Given each problem description, identify which algorithm pattern you would use. Think about the clues before clicking an answer.

Q1: Given a sorted array, find two numbers that add up to a target value.

Correct: Two Pointers (Converging). The array is sorted, so place one pointer at the start and one at the end.
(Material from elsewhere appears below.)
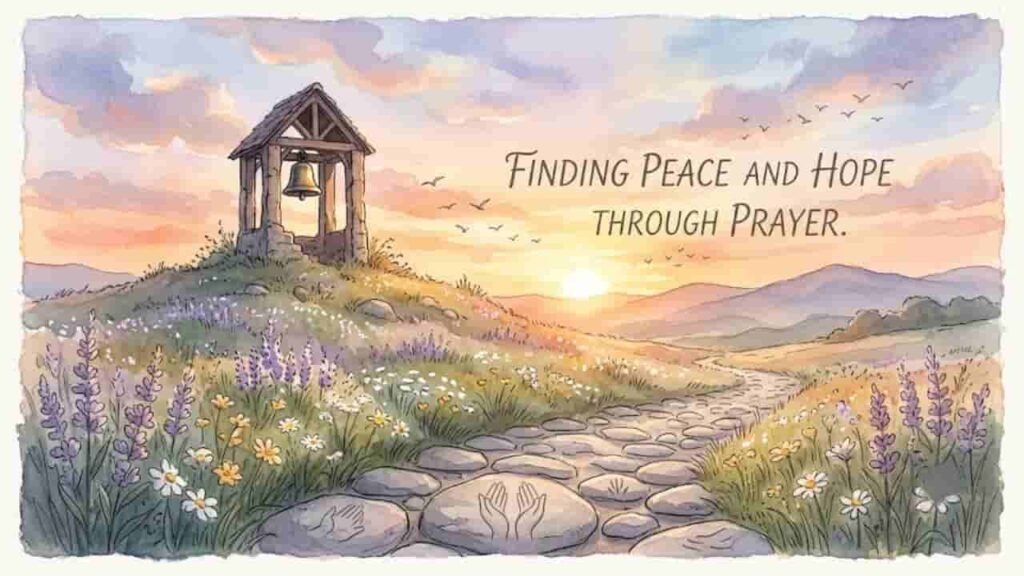 A watercolor illustration of a cobblestone path winding through a serene wildflower field toward a hilltop bell structure at sunrise, with the text "Finding Peace and Hope Through Prayer" written in the sky.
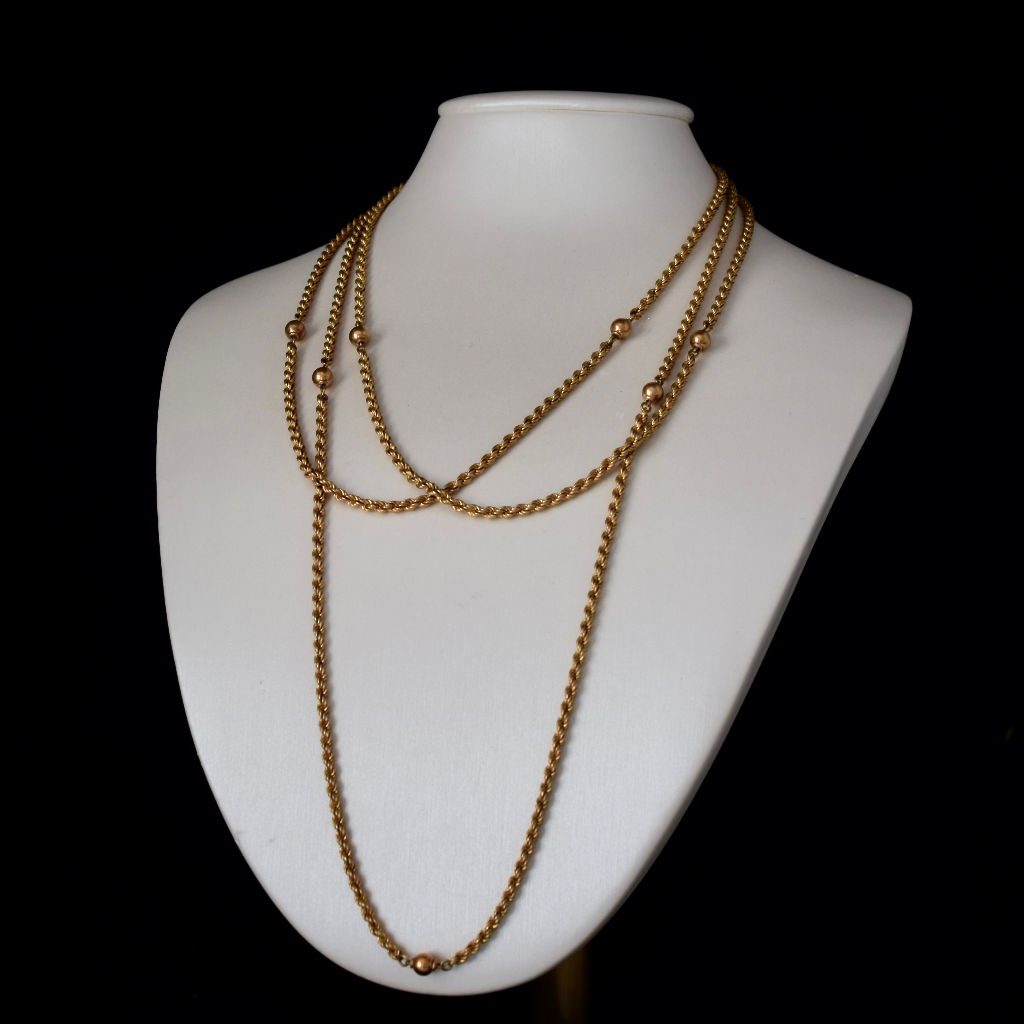 Antique Rolled Gold Rope Twist And Ball Fancy Guard Chain Circa 1900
If the sum is too small, move left forward. If too large, move right backward. This is the classic Two Sum II pattern.

Q2: Find the longest substring of a string that contains at most 2 distinct characters.

Correct: Sliding Window (Variable Size). "Longest substring" with a condition on contiguous characters is the textbook signal for a variable-size sliding window. Expand right, shrink left when more than 2 distinct characters are in the window.

Q3: In a grid of 0s and 1s, find the shortest path from the top-left corner to the bottom-right corner, moving only through 0s.

Correct: BFS. "Shortest path" in an unweighted grid is the classic signal for BFS. BFS explores all cells at distance d before distance d+1, guaranteeing the first time you reach the destination is the shortest path.

Q4: Given an array, for each element find the next element to the right that is larger than it.

Correct: Monotonic Stack. "Next greater element" is the signature problem for a monotonic decreasing stack. As you scan left to right, pop elements from the stack when you find something larger -- the popped element's next greater is the current element.

Q5: Generate all possible subsets of a given set of unique numbers.

Correct: Backtracking (DFS). "Generate all subsets" requires exploring every possible include/exclude decision. This is textbook backtracking: choose an element, recurse, un-choose, and try the next option. The result is all 2^n subsets.